Dans cette opération, qui ne visait que Youssouf Diarra, alors qu’il n’est pas le seul à avoir opéré des modifications dans son logement social, les pertes sont estimées à plus de 5 millions de francs CFA. Bizarrement, les installations sanitaires ont aussi été cassées et les appareils sanitaires purement et simplement saccagés. Youssouf Diarra a aussitôt saisi le Tribunal de première instance de Kati.

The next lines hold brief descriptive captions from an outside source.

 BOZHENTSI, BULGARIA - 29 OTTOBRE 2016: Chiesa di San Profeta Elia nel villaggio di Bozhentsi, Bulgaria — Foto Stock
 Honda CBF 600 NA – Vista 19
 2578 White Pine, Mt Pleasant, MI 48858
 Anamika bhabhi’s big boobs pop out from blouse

La démolition de l’annexe appartenant à Youssouf Diarra n’est qu’un cas parmi tant d’autres où le Préfet de Kati est nommément cité. En ce qui concerne les attributions de parcelles, Monsieur le Préfet foule impunément aux pieds le Décret N°040 du 2 février 2002, déterminant les formes et les conditions d’attribution des terrains du domaine privé et immobilier de l’Etat. Celui-ci stipule, en son article 7, que  l’attribution de la construction rurale est de la compétence du Délégué du gouvernement dans la commune, de 0 à 2,5 ha et dans le cercle, de 2,5ha à 5 ha. Tous les préfets respectent cette procédure, sauf celui de Kati, qui délivre des bulletins de lettres d’attribution au delà de ses prérogatives. A cause de sa boulimie à distribuer les parcelles à tour de main à ses amis, il n’hésite pas à effectuer des attributions sur des parcelles déjà attribuées par les Sous-préfets et les maires de son cercle. Déjà, des groupes de pression, composés de victimes d’attributions illégales, se concertent pour une procédure d’annulation.

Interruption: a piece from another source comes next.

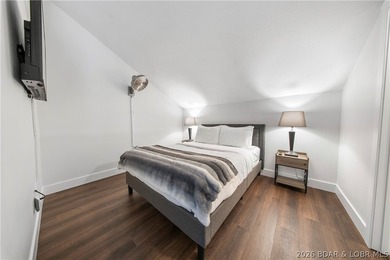 Experience elevated Lake of the Ozarks living in this furnished - photo 23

Le même Préfet de Kati est impliqué dans le litige foncier qui oppose SIFMA et CEMA. Fort de ses soutiens au niveau du Secrétariat général du ministère de l’Administration Territoriale et des Collectivités Locales, il n’a pas été  emporté par le cas du morcellement d’un titre foncier à Kambila et celui de la vente de parcelles qui avait violemment dégénéré en affrontements.

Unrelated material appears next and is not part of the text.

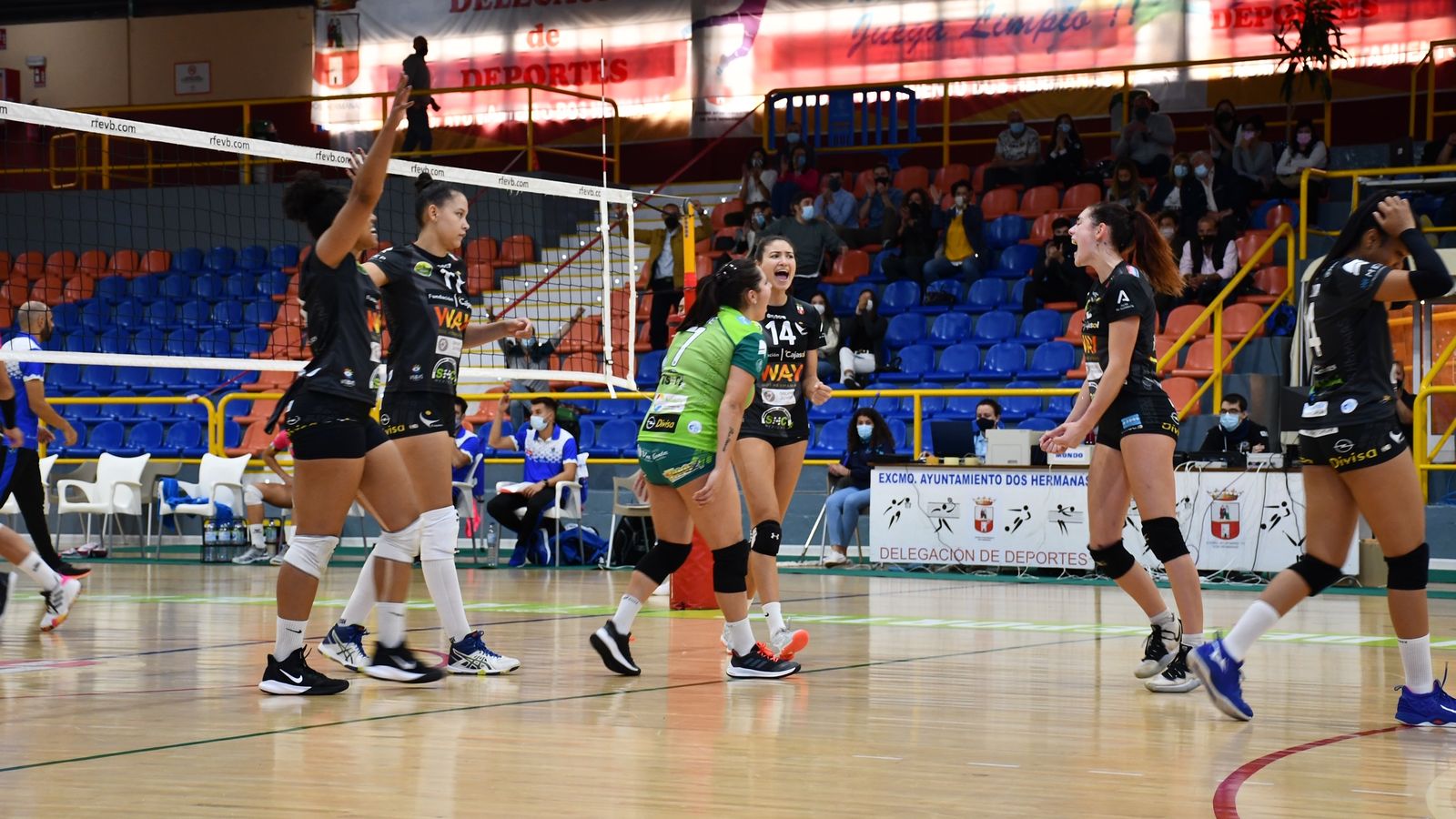 Las jugadoras del Cajasol celebran un punto.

Pour ce qui concerne Youssouf Diarra,  les logements sociaux constituent l’une des réussites du Programme de développement économique et social (PDES), cher au Président de la République. Dessinés, à juste titre, pour aider le plus grand nombre de Maliens, il va de soi qu’il manque certaines facilités aux logements sociaux à l’état brut. Et c’est justement pour combler certaines lacunes que les bénéficiaires y apportent certaines modifications. C’est dans cette logique que Youssouf Diarra avait entrepris la construction d’un garage, pour sécuriser sa voiture. Comme il n’est pas le seul dans cette situation, une campagne de démolition devrait donc normalement s’étendre  à tous les logements sociaux de Kati dans le même cas.  Ce seraient au moins 80% des logements de la zone qui seraient concernés. La démolition des annexes et modifications serait-elle sélective à Kati?

Le Préfet de Kati serait-il un intouchable, comme il le clame à qui veut l’entendre? En tout cas, il n’entre pas dans ses prérogatives d’ordonner une démolition, ce qui relève du seul domaine de la justice.